PARIS, 14 mars 2017 (AFP) – L’Observatoire de la laïcité a salué mardi les arrêts de la Cour de justice européenne (CJUE) selon lesquels le port visible de signes religieux pouvait être interdit en entreprise, sous conditions, et souligné qu’ils ne modifiaient pas le droit français.

« L’Observatoire de la laïcité salue les arrêts de la CJUE qui, sans modifier le droit positif français, permettent de préciser l’application des restrictions à la manifestation des convictions individuelles dans le cadre de l’entreprise privée », écrit cette instance dépendant de Matignon.

L’observatoire retient de la décision de la Cour de justice européenne qu' »une interdiction du port d’un signe convictionnel – quel qu’il soit, religieux, politique ou philosophique – » est « possible dans une entreprise privée à la condition que celle-ci soit +objectivement justifiée+, +appropriée et nécessaire+ ».

Autrement dit, « l’entreprise n’est pas un lieu de neutralité générale et totale mais on peut pour des raisons d’hygiène, de sécurité ou au regard des intérêts économiques de l’entreprise imposer des restrictions », a commenté auprès de l’AFP le président de l’Observatoire de la laïcité, Jean-Louis Bianco.

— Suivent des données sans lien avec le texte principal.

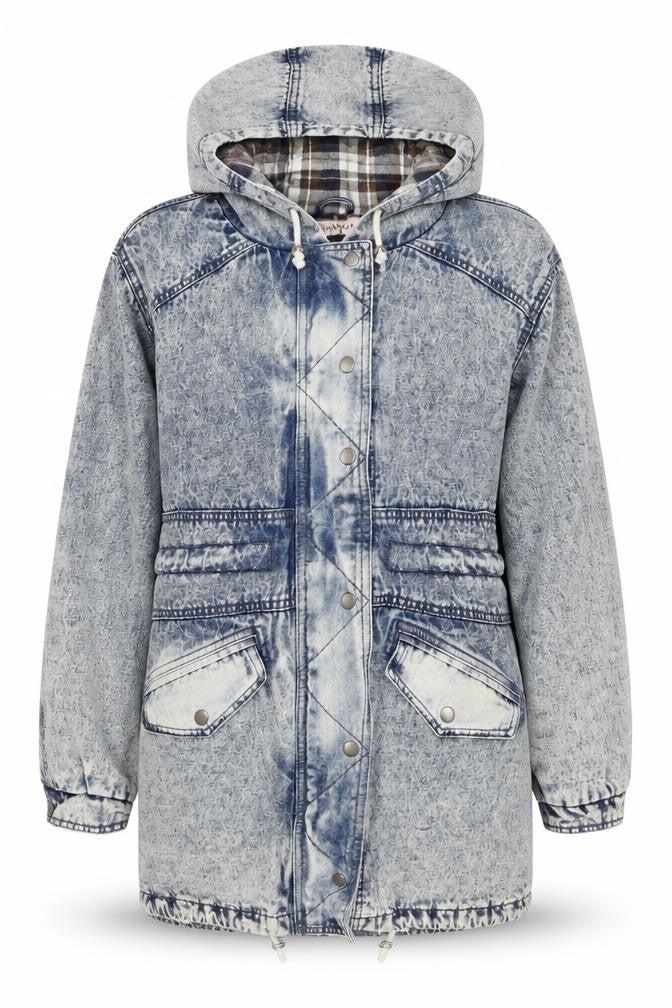 Naanaa Women's Blue Denim Hooded Anorak Jacket Size M
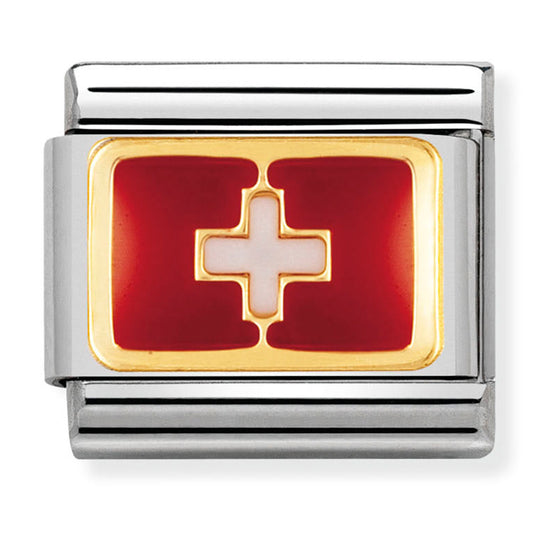 Classic Europe Flag St/Steel Enamel And 18Ct Gold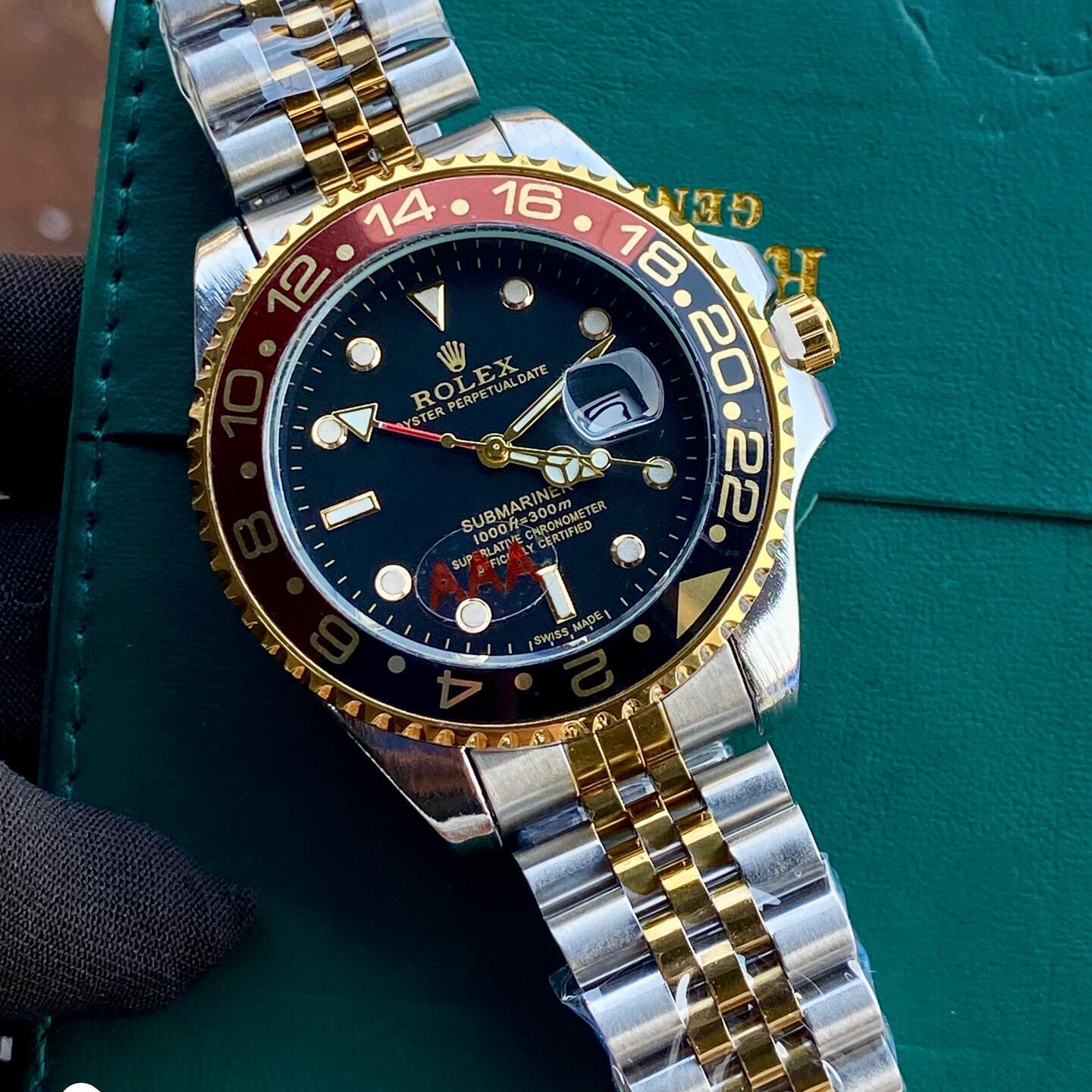 Mens  Rolex Rainbow Submariner with Silver Gold Belt with Red Black Rim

Cette lecture « confirme, clarifie et précise ce qui existe déjà en droit français », estime l’ancien ministre socialiste.

Pour Jean-Louis Bianco, la CJUE rappelle en outre que « la demande de la clientèle n’est pas un critère justifiant à lui seul » l’interdiction du port de signes convictionnels. « C’est important, et c’est la confirmation de la jurisprudence de la Cour de cassation », a-t-il relevé.